Molly's accounting textbooks clearly state that profit (π) is calculated by subtracting total production costs (TC) from total revenue. She rents a table from her parents at $75 per month, spends $300 per month on lemons, sugar, and cups, and purchases a monthly vendor's license at $25. These direct, purchased, out-of-pocket costs are referred to as accounting, or explicit costs.
Accounting π =TR – explicit cost = $1000 – 75 – 300 – 25
= $600, a tidy profit!
The economist on Molly's other shoulder disagrees. Are these the only costs of running the lemonade stand? What about the opportunity costs of resources not accounted for above? For example, Molly has chosen to give up a monthly salary of $1000 at a bank. The economist knows that this opportunity cost must be subtracted from total revenue to better measure profitability. These indirect, non-purchased, opportunity costs, are called economic, or implicit costs.
Economic π = TR – explicit cost – implicit costs = $1000 – 75 – 300 – 25 – 1000
= –$400, a painful loss!
Other implicit costs borne by many entrepreneurs include the interest given up when savings are liquidated, or rent forgone if the individual works out of a home or garage. Here's one way to try to keep explicit and implicit costs straight.
- Were the dollars paid to outside resource suppliers (employees, a landlord, a wholesale food store)? Did money actually change hands? Explicit.
- Were the resources supplied by the entrepreneur herself (salary or interest given up)? Implicit.
So Which Should I Use?
Excellent question. The "quickie" answer is to turn to the title page of this book, and use that method. Of course, as a student of economics, you must include implicit economic costs in calculating economic profit. But why? Well, it's more accurate. An adept student of economics knows that the cost of something goes beyond the price tag. A friend of mine in graduate school once said that "nothing is free, it is just non-priced." If you visit your AP teacher's office, you might not have to pay to pass through the door, but you could be doing something else with your time. This is a non-priced economic cost. Molly's labor and effort at the lemonade stand appear to be free; this is why an accountant does not include that effort in calculating profit. An economist knows that it is not free—it is just non-priced. An economist tries to quantify that price by using the value of Molly's efforts in her next best alternative as the banker. Throughout this book, costs refer to economic costs, and profits refer to economic profits.

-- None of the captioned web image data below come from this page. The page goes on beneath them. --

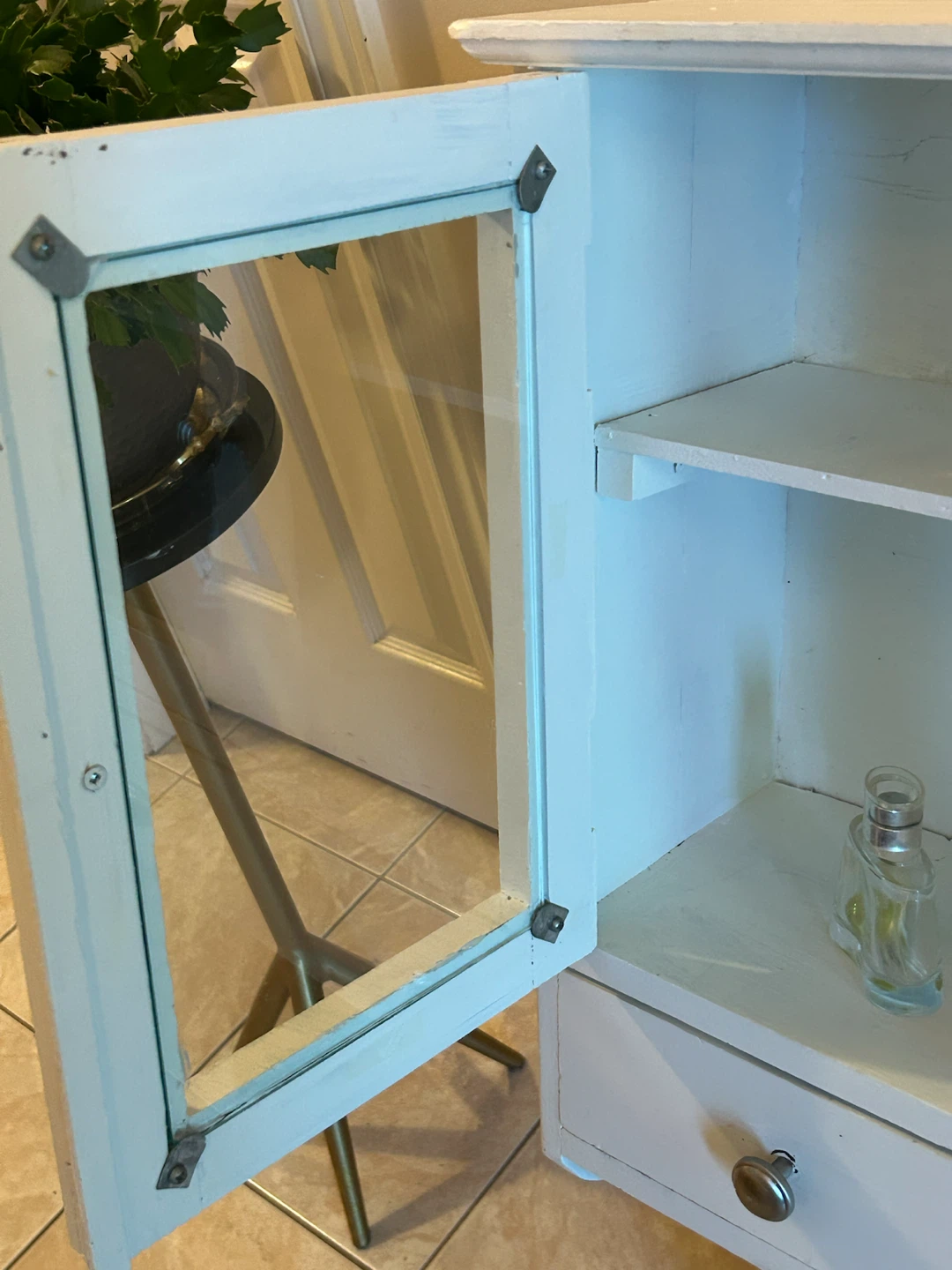 White Wall Cabinet with Glass Doors and Drawers - photo 3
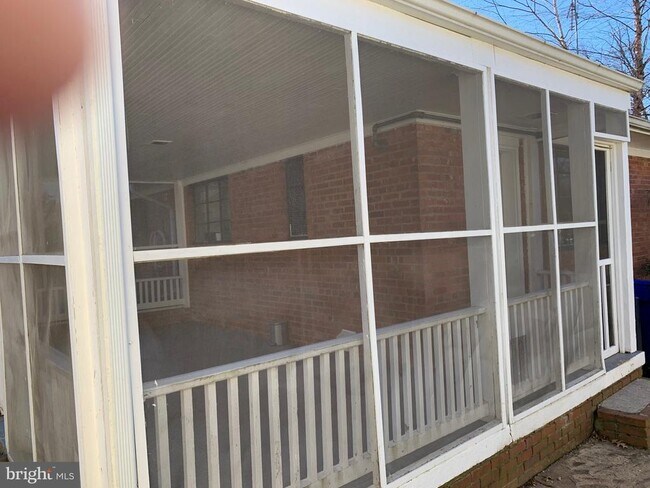 Building Photo - 857 N Jacksonville St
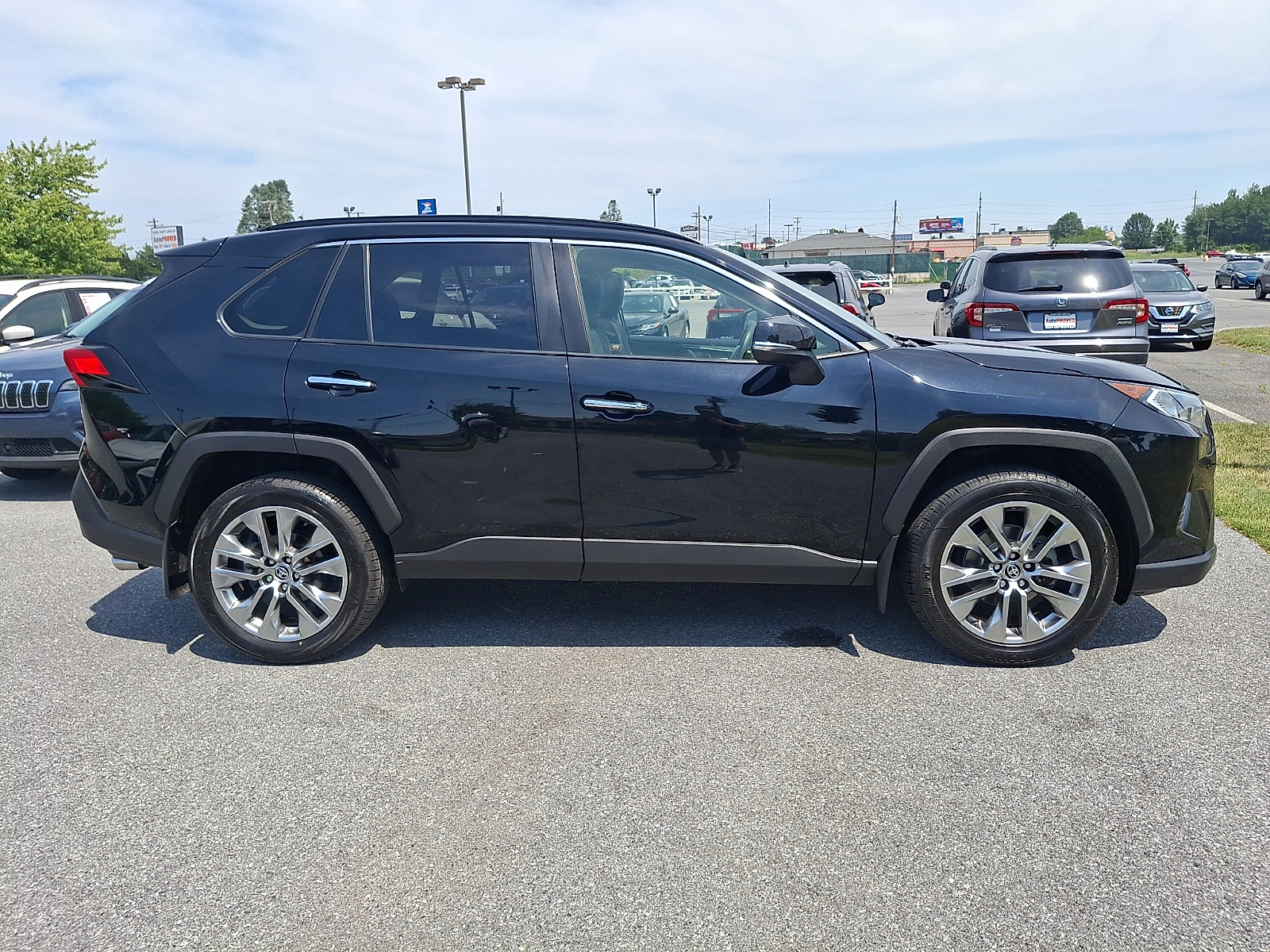 Used 2020 Toyota RAV4 SUV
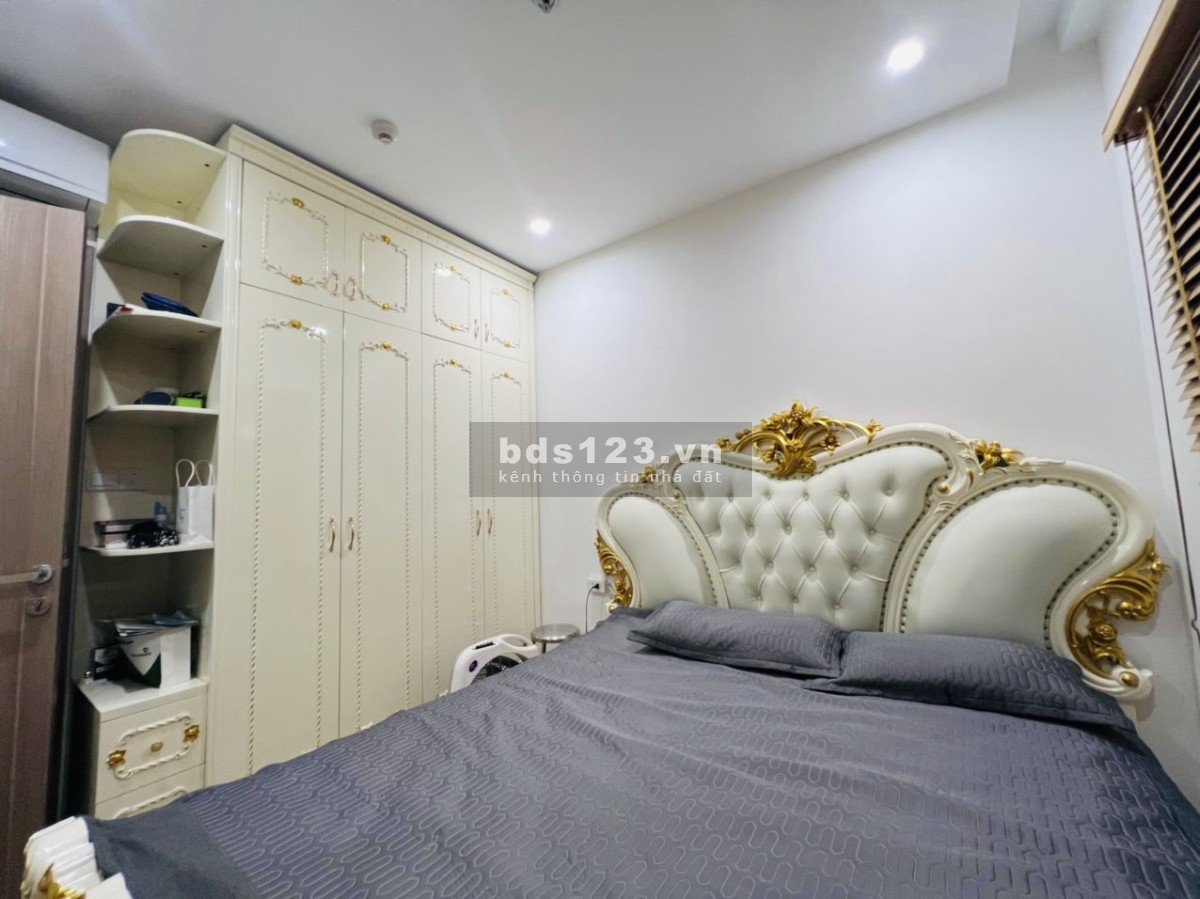Chính chủ bán cắt lỗ căn hộ góc 2pn, 2w nội thất cao cấp Vinhomes Ocean Park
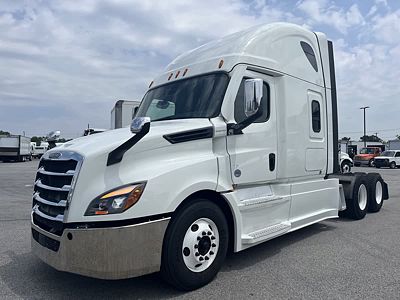 2021 Freightliner NEW CASCADIA PX12664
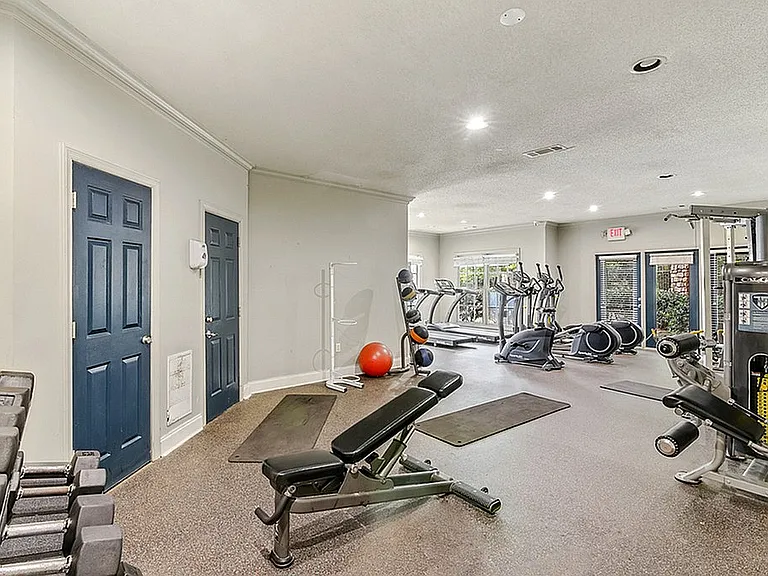Interior - Fitness Center_001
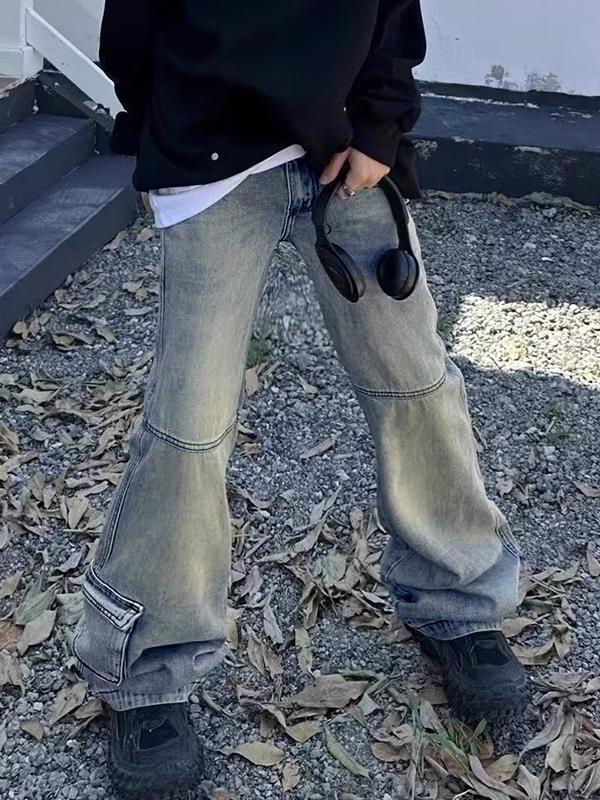 Men's Light Wash Flap Pocket Loose Jeans Product Image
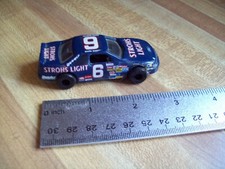 RARE VINTAGE Mark Martin #6 Stroh's Light 1:64 scale pre-owned Track 1/64 T-Bird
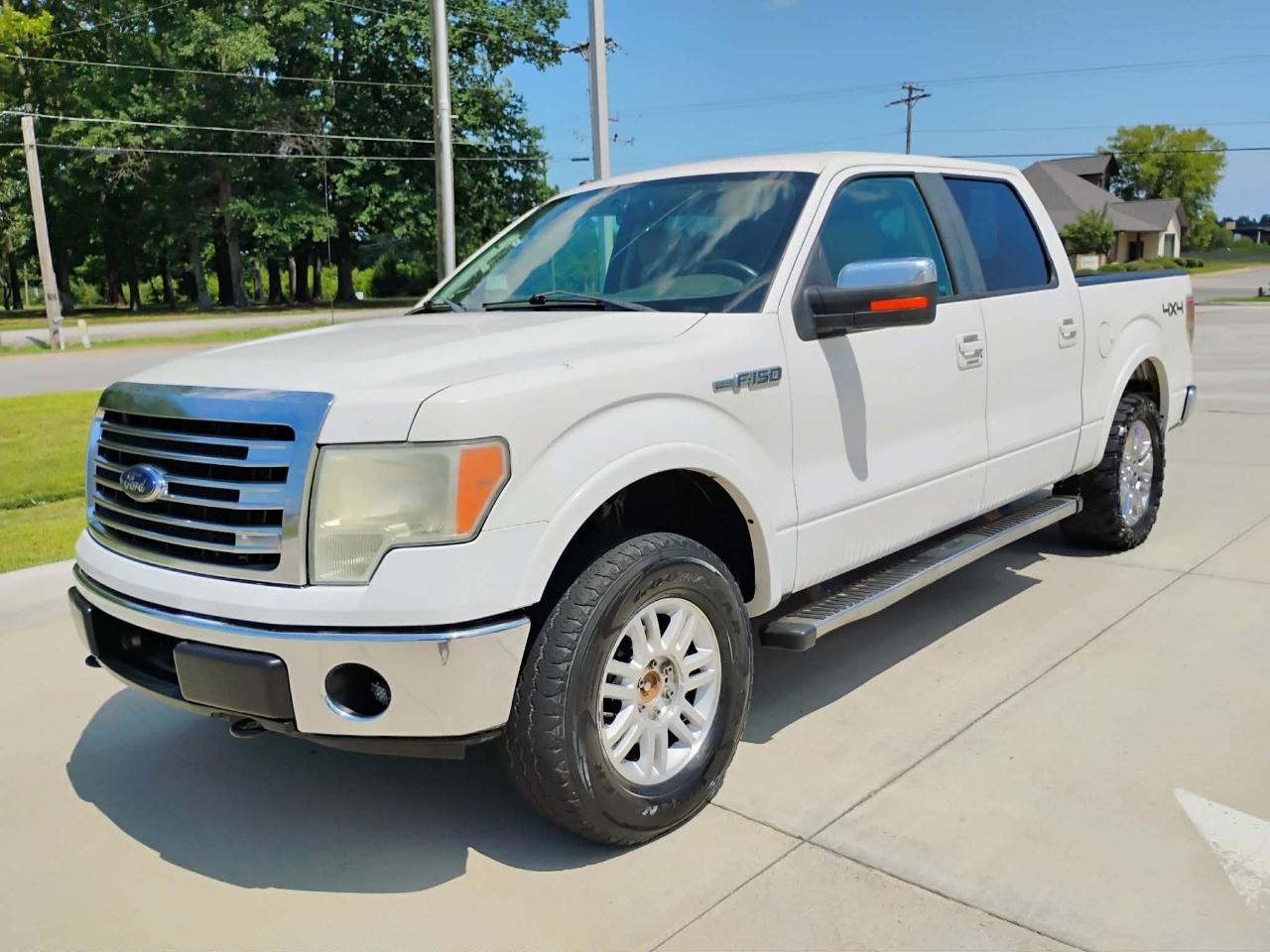 2009 Ford F-150 4WD SuperCrew 145" Platinum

Short-Run and Long-Run Decisions
The short run is a time when at least one production input is fixed, and cannot be changed, to respond to a change in product demand. During the holiday season a local gift shop extends hours and increases the workers hired. Much more difficult to change is the total capacity of the shop. The capacity of the shop is fixed in the short run, but can be altered with enough time. The amount of time required to change the plant size is known as the long run. In other words, all inputs are variable in the long run. See Table 8.1.
When Molly pays $25 for a monthly vendor's license on January 1st, she is committed for a month. She cannot receive a refund if she fails to operate the lemonade stand and she does not have to pay more if she works 24 hours a day all month. For Molly, the long run is one month. On the other hand, at any point in the month, Molly can choose to purchase more lemons, cups or sugar, or employ assistants, if she is selling more cups of lemonade. This is a short-run decision.